= Samuel Sandbach =

British mayor, coroner and slave owner (1769–1851)

Samuel Sandbach (1769 – 26 April 1851) was successively bailiff, coroner and Mayor of Liverpool, as well as High Sheriff of Denbighshire and a Justice of the Peace for Lancashire. He made his fortune as a merchant in a partnership that traded with the West Indies and owned slaves.

== Early life and mercantile career ==
Samuel Sandbach, whose father, Adam, was an innkeeper and farmer, was born in 1769 at Tarporley in Cheshire, England. In 1788, he left England to join his uncle, also called Samuel Sandbach, who had for many years been living and trading in Grenada. Around 1792, after working for some time as a clerk in firm that had been trading since around 1782 in one form or another, the partners were so impressed with the younger Samuel that they invited him to join their ranks.

When trade and thus the income from it went into a downturn, two of the partners – George Robertson, an older, long-established merchant, and Charles Stuart Parker – decided to concentrate on development of existing plantations in Demerara. Parker, who was a nephew of Robertson, returned to Britain after two years. Sandbach and the remaining partner, McInroy, were left to look after the merchanting aspect of the partnership and in 1801 established the Demerara-based firm of McInroy, Sandbach & Co.

Robertson died in 1799, by which time Parker was back in Demerara. He, Sandbach and McInroy all returned to Britain in the same year as McInroy, Sandbach & Co. was founded. They then set up McInroy, Parker & Co. in Glasgow before Sandbach moved to Liverpool to establish another branch of the enterprise. Parker had married a niece of Robertson's in 1797 and Sandbach's move to Liverpool coincided with his own marriage on 15 December 1802 to another niece, Elizabeth Robertson, who was the daughter of a clergyman. In 1813, the prosperous and well-connected Philip Frederick Tinne, a Dutchman of Huguenot descent, joined the Liverpool firm, which became known as the "Rothchilds of Demerara", as a full partner.

Until he formally left the firms in November 1833, when two of his sons took over his interest, Sandbach was a partner in the related businesses of Sandbach, Tinne & Co. (Liverpool), McInroy, Parker & Co. (Glasgow) and McInroy, Sandbach & Co. (Demerara). The enterprise grew to become owners of both ships and plantations and also exporters of coffee, molasses, rum and sugar from the West Indies to the British ports of Liverpool and Glasgow. They were significant slave owners until slavery was abolished in most parts of the British Empire, and from the 1830s until the 1920s were major transporters of indentured labour. Under the terms of the Slave Compensation Act 1837, Sandbach shared compensation of over £35,000 for the liberation of over 500 slaves on two estates he co-owned.

Sandbach was also for some time among the proprietors of the Herculaneum Pottery in Toxteth, Liverpool.

== Public life ==
Sandbach was elected to the Liverpool council in December 1827 following the death of J. B. Hollinshead, who had been at the forefront of an unsuccessful attempt to have him elected a few months earlier when Thomas Leyland had died. He was appointed as Bailiff in October 1828 and as mayor from 1831 to 1832. He became High Sheriff of Denbighshire in 1838, at which time his address was given at Hafodunos, Abergele. He had bought the Hafodunos estate in 1830. (Note: Sandbach was not the only Liverpool slaver to buy land in North Wales. Both Richard Wilding (d. 1820) and John Chambres Jones (d. 1833) had done so.)

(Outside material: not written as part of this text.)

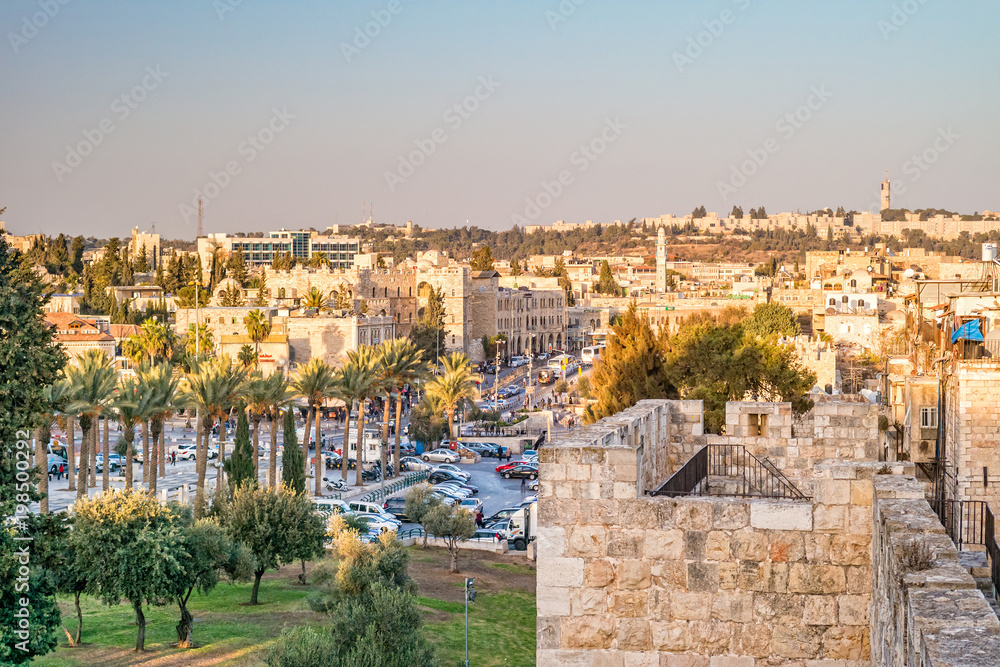 View of Jerusalem from Old City Wall.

He was deputy chairman of the Bank of Liverpool by the mid-1840s, at which time he was also promoting a new company that intended to assist landowners in drainage of their properties.

== Family ==
Samuel and Elizabeth Sandbach had several children, one of whom, Henry Robertson Sandbach, married Margaret Roscoe, a granddaughter of William Roscoe. (Note: There were at least four sons and three daughters. Of the daughters, one married John Abraham Tinne and another Charles Stuart Parker junior, with both of whom Sandbach had been in partnership as a merchant.) He built and briefly lived at a Liverpool mansion, variously described as being in St Anne Street and in Mansfield Street, that then became home to Thomas Colley Porter, another mayor of the borough. He was living at Woodlands in Aigburth, near Liverpool, by 1832 and died there on 26 April 1851. Aside from his Welsh estate at Hafodunos, Sandbach had also bought estates around Calveley Hall and the Handley area of Cheshire.

== See also ==
- Antoinette Sandbach, former Member of Parliament and descendant of Samuel.